Table 1 Statistical information of our datasets

To further validate the effectiveness and generalizability of our proposed method, we conducted comparative experiments on three widely-used public Chinese NER datasets: MSRA [57], Resume [29], and CLUENER [58]. While these datasets are not specifically designed for scientific literature, publicly available and widely adopted Chinese NER datasets in the scientific domain remain limited, which serves as a key motivation for constructing our own corpus tailored to scientific texts. These general-domain datasets were adopted as practical alternatives for evaluating the robustness and transferability of our approach. To facilitate unified processing and evaluation, all public datasets were converted into the same span-based JSON format as used in our own corpus.

To inform the configuration of the maximum entity length \(\delta \) during training, we conducted length statistics across all datasets. Table 2 summarizes the total number of entities, average entity length, and the maximum observed span in each dataset.

Table 2 Entity length statistics across datasets

Evaluation metrics

In this paper, we adopt macro-average precision, recall, and F1-score as the primary evaluation metrics on our constructed dataset. From a practical application perspective, we consider each entity category to be equally important, regardless of its frequency in the corpus. According to the dataset statistics, some categories, such as Scientists and Locations, contain significantly fewer instances than others. Macro-averaging helps prevent high-frequency categories from dominating the evaluation, thereby providing a more balanced and fair assessment across all entity types.

A prediction is considered correct only when both the entity boundaries and category labels match exactly. The metrics are formally defined as:

$$\begin{aligned} Precision&= \frac{1}{C} \sum _{\beta }\frac{TP_{\beta }}{TP_{\beta }+FP_{\beta }} \end{aligned}$$
(8)
$$\begin{aligned} Recall&= \frac{1}{C}\sum _{\beta }\frac{TP_{\beta }}{TP_{\beta }+FN_{\beta }} \end{aligned}$$
(9)
$$\begin{aligned} F1-score&= \frac{1}{C}\sum _{\beta }\frac{2\cdot TP_{\beta }}{2\cdot TP_{\beta }+FP_{\beta }+FN_{\beta }} \end{aligned}$$
(10)

where \(TP_{\beta }\) denotes the count of True Positive for the \(\beta \)-th category, \(FP_{\beta }\) the count of False Positive, \(FN_\beta \) the count of False Negative; C is the number of entity types.
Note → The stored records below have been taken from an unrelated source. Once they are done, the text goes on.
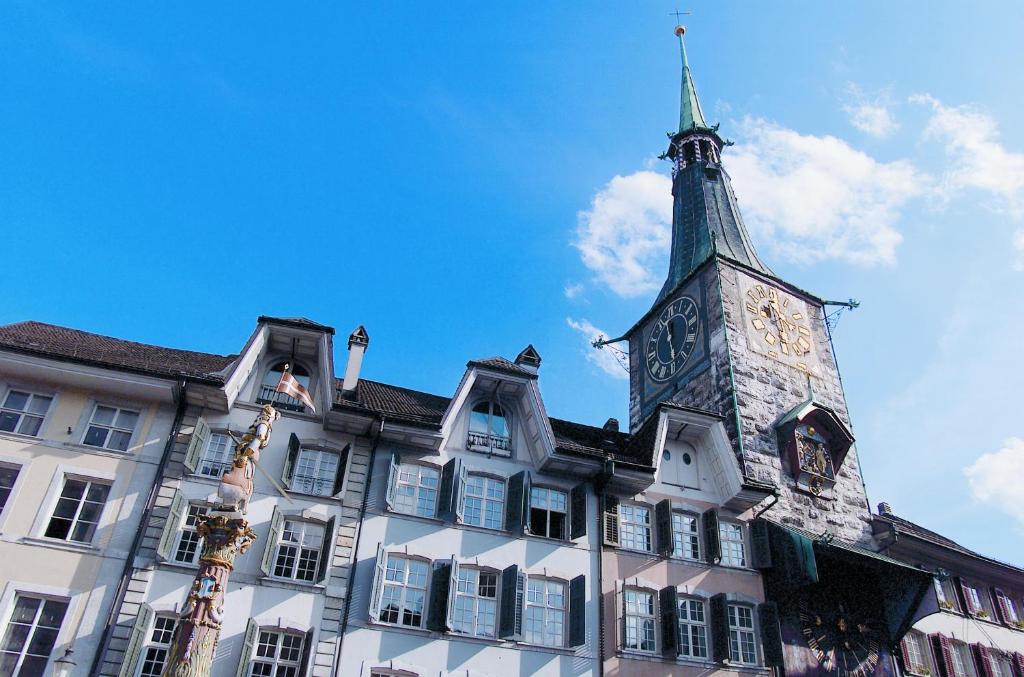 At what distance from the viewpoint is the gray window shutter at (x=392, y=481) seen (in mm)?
23000

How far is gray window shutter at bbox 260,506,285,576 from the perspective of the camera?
2083cm

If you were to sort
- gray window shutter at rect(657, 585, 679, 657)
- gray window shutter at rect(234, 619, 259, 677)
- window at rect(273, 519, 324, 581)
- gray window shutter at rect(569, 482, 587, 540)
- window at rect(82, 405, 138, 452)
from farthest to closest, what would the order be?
gray window shutter at rect(569, 482, 587, 540)
gray window shutter at rect(657, 585, 679, 657)
window at rect(82, 405, 138, 452)
window at rect(273, 519, 324, 581)
gray window shutter at rect(234, 619, 259, 677)

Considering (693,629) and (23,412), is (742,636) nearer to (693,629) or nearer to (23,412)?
(693,629)

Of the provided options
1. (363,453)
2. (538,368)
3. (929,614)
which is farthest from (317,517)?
(929,614)

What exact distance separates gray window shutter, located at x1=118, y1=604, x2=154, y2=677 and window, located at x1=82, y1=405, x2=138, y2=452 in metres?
4.89

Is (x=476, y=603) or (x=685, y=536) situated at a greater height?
(x=685, y=536)

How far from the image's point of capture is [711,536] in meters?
25.9

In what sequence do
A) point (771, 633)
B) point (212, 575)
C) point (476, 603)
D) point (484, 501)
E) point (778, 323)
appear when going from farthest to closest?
point (778, 323) → point (771, 633) → point (484, 501) → point (476, 603) → point (212, 575)

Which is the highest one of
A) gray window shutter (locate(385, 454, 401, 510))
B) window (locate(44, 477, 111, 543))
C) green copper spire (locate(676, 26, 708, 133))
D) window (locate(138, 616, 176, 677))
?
green copper spire (locate(676, 26, 708, 133))

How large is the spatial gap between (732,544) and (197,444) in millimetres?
16914

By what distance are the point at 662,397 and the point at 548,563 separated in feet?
52.0

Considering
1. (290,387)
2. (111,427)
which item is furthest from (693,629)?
(111,427)

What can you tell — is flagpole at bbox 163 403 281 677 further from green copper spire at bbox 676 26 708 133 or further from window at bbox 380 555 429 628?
green copper spire at bbox 676 26 708 133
For public benchmarks, however, we follow the convention adopted in prior work and report micro-average F1-scores to ensure comparability with previously published results.

Implementation details

We opted for the PyTorch framework to implement our models. Table 3 presents the detailed experimental environment while Table 4 presents the main model parameters. During training, the model employed AdamW optimizer with the learning rate set to 5e-5, using \(nlp\_structbert\_backbone\_base\_std\)Footnote 1 as encoder, with 12 Transformer block layers and 768 dimensions of hidden layers. The batch size was set to 16, and training was conducted for a maximum of 100 epochs. An early stopping mechanism was applied to prevent overfitting, where training was halted if the macro F1-score on the validation set did not improve for five consecutive epochs. The maximum sequence length was 512, and the maximum entity length \(\delta \) for each dataset was selected based on the length statistics reported in Table 2.
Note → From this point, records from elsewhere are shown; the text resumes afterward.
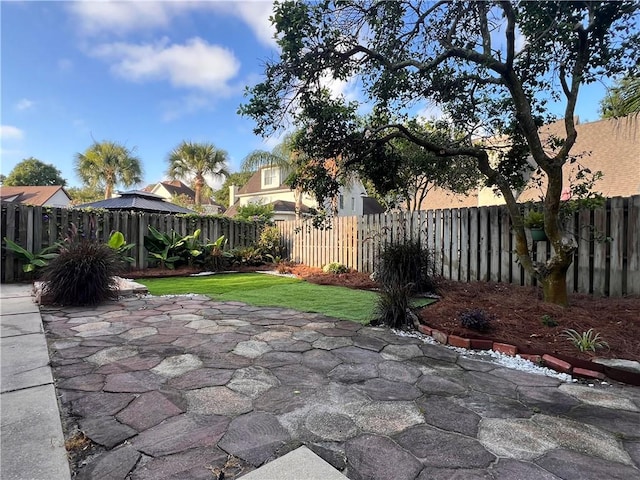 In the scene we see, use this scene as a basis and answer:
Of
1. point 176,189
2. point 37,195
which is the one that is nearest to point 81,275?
point 37,195

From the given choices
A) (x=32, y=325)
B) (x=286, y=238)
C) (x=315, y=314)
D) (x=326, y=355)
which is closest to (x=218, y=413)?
(x=326, y=355)

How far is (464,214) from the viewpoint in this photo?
6.53 meters

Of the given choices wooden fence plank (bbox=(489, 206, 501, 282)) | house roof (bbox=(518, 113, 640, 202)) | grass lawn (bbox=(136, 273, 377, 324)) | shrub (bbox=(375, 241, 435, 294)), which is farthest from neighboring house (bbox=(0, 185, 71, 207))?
house roof (bbox=(518, 113, 640, 202))

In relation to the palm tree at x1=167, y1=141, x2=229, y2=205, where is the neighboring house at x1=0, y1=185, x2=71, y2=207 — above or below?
below

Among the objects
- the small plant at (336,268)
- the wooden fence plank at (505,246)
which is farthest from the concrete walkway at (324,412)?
the small plant at (336,268)

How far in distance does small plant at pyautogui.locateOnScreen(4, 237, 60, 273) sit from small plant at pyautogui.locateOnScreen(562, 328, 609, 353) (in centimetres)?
825

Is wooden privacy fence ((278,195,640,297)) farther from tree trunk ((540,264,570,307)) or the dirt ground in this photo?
tree trunk ((540,264,570,307))

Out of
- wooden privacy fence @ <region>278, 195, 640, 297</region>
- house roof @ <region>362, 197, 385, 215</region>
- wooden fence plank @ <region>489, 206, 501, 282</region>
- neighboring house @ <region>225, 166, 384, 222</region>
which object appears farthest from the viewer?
house roof @ <region>362, 197, 385, 215</region>

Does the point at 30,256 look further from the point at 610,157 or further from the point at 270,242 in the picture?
the point at 610,157

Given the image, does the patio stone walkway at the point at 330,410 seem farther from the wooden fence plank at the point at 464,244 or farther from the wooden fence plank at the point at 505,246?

Table 3 Experimental environment
Table 4 Model parameters

For adversarial training, we adopted the PGD-k strategy, where the number of attack rounds k, step size \(\alpha \), and perturbation radius \(\epsilon \) were tuned individually for each dataset. To identify the optimal configuration, we performed a grid search over \(k \in \{3, 4, 5\}\), \(\alpha \in \{0.1, 0.2, 0.3\}\), and \(\epsilon \in \{0.5, 0.8, 1.0\}\). For each parameter combination, we trained a separate model and selected the configuration that achieved the highest macro F1-score on the test set. All adversarial perturbations were applied under the \(L-2\) norm. The final adversarial training parameters for each dataset are summarized in Table 5.

Table 5 Dataset-specific adversarial training parameters

Experiments on our dataset

Baseline models

Given that our objective is to train an end-to-end model for recognizing scientific knowledge entities in Chinese scientific literature, we are supposed to compare the performance of our proposed model with other baseline models on the dateset we have constructed. Therefore, we select several mainstream open-source models that are either SOTA or near-SOTA and retrained them on our dataset. To be more specific, we compare the StructBERT-AT-DMGP model with the following models which utilize StructBERT as the backbone.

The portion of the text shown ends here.